Il avait contribué à délivrer la France avant d’aller libérer le camp de Buchenwald. Le résistant Raymond Savoyat nous a quittés le 26 décembre, à l’âge de 96 ans.
Il en avait 16 en 1940 lorsque les Allemands battirent victorieusement le pavé de sa ville de La-Tour-du-Pin en Isère. Indigné par la défaite, plus encore par le défaitisme, le jeune Raymond multiplia les petits gestes de bravade contre l’occupant. Avec son frère, il voulut transformer ces initiatives individuelles en efforts collectifs : il entra alors dans la Résistance, rejoignit l’Armée secrète, prit la tête d’un groupe du 4e bataillon des francs-tireurs et partisan. Il mena tous ces combats qui ne se livraient pas dans la lumière des champs de bataille mais dans l’ombre de la clandestinité, assurant des liaisons entre les membres de son réseau, réalisant des sabotages, arrêtant des miliciens, faisant évader des camarades. Raymond Savoyat était de ceux qui retinrent à bout de bras l’honneur de la France, son destin de Nation libre.
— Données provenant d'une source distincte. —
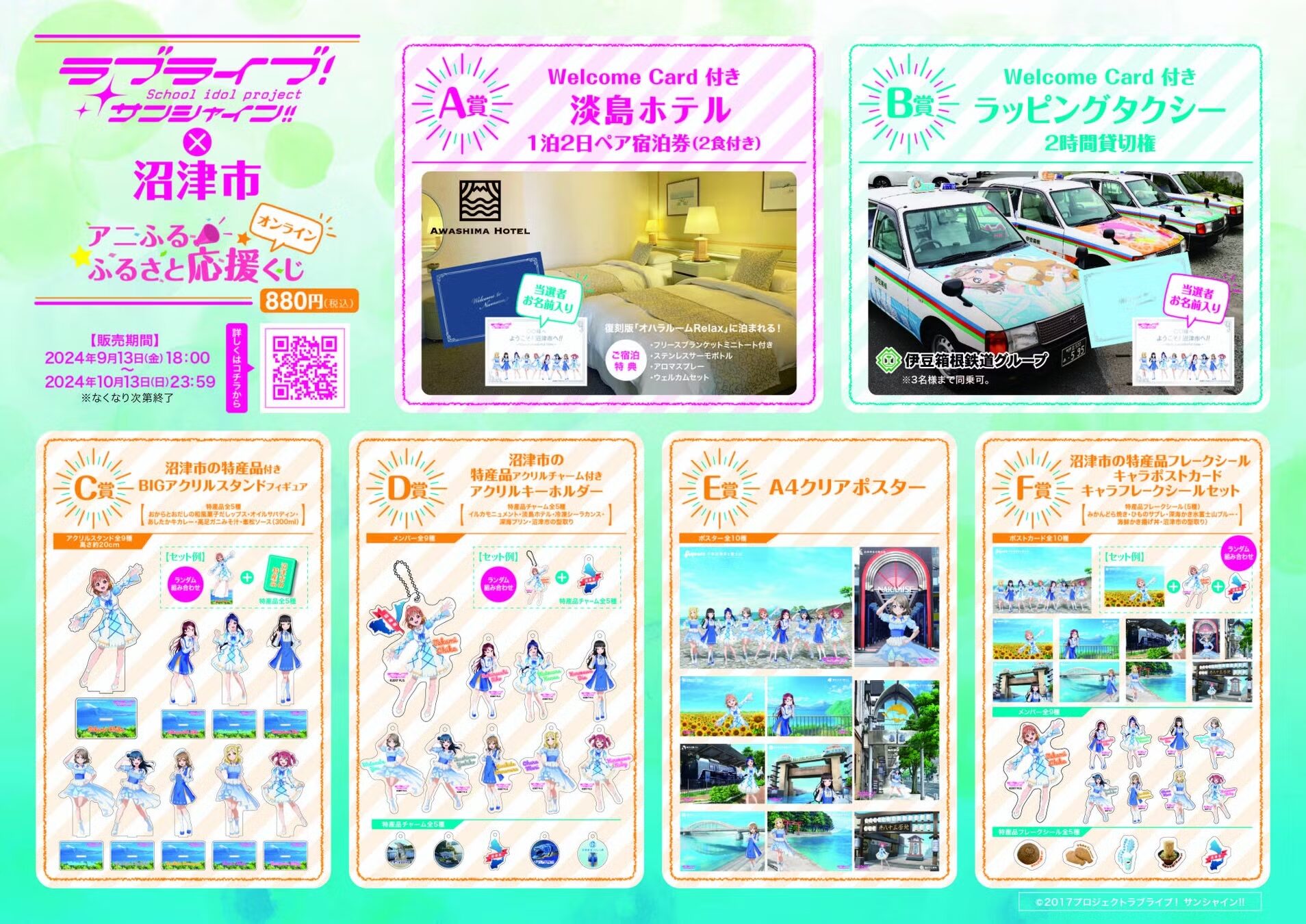 ラブライブ！サンシャイン ふるさと納税 化粧箱とカード ラブライブ！サンシャイン!!×沼津市市制100周年記念】オリジナル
Après le Débarquement, son réseau redoubla d’audace, prit tous les risques, si bien que le jeune homme frôla la mort à plusieurs reprises. Pourtant, il ne lâcha rien, participa à la libération de sa ville, puis de Bourgoin et enfin de Lyon. Refusant de s’arrêter en si bon chemin, il s’engagea ensuite dans l’armée pour poursuivre la lutte en Allemagne, jusqu’au jour de la victoire, mais aussi pour se lancer sur les traces de son père, raflé et déporté en mai 1944.
Enrôlé dans les troupes américaines du général Patton, le jeune chef de peloton faisait route vers Nuremberg lorsqu’il reçut l’ordre d’aller libérer un camp de prisonniers près de Weimar, dans un lieu qui ne figurait sur aucune carte. C’est ainsi qu’il arriva, mi-avril 1945, dans le camp de Buchenwald. Il découvrit alors une cohorte de 20 000 spectres hâves, des hommes et des enfants enfermés là parce qu’ils étaient juifs ou dissidents. Parmi eux, aucun ne pesait plus de 40 kg, beaucoup n’avaient même plus la force de tenir debout ou de parler. Raymond Savoyat décrivit ces jours étranges et muets où les survivants avaient le sentiment de vivre un miracle dont ils avaient longtemps rêvé, tandis que les soldats, découvrant l’horreur, avaient l’impression de vivre un cauchemar. Il apprit bientôt, abasourdi, qu’il existait des centaines de camps comme celui-ci, véritables usines à broyer les êtres, et que son père était mort du typhus dans celui de Mauthausen, au moment même où lui sauvait les survivants de Buchenwald.
Enfouis durant des décennies sous le poids de la douleur, de l’incompréhension, de sa modestie aussi, ses souvenirs ressurgirent il y a une dizaine d’année, un jour où ses petits-enfants le questionnèrent sur la Résistance. Depuis, et à l’heure où tant de témoins disparaissaient, Raymond Savoyat s’était fait un devoir de témoigner, quand bien même sa voix s’étranglait immanquablement chaque fois qu’il évoquait son arrivée à Buchenwald, sa découverte de l’horreur dont des hommes s’étaient rendus coupables, comme de la résilience dont d’autres s’étaient montrés capables.
Le Président de la République s’incline devant la mémoire de ce Résistant qui participa jusqu’au bout à la Libération de la France et à la victoire sur le nazisme. Il adresse à sa famille, ses proches et ses anciens camarades de combats ses plus respectueuses condoléances.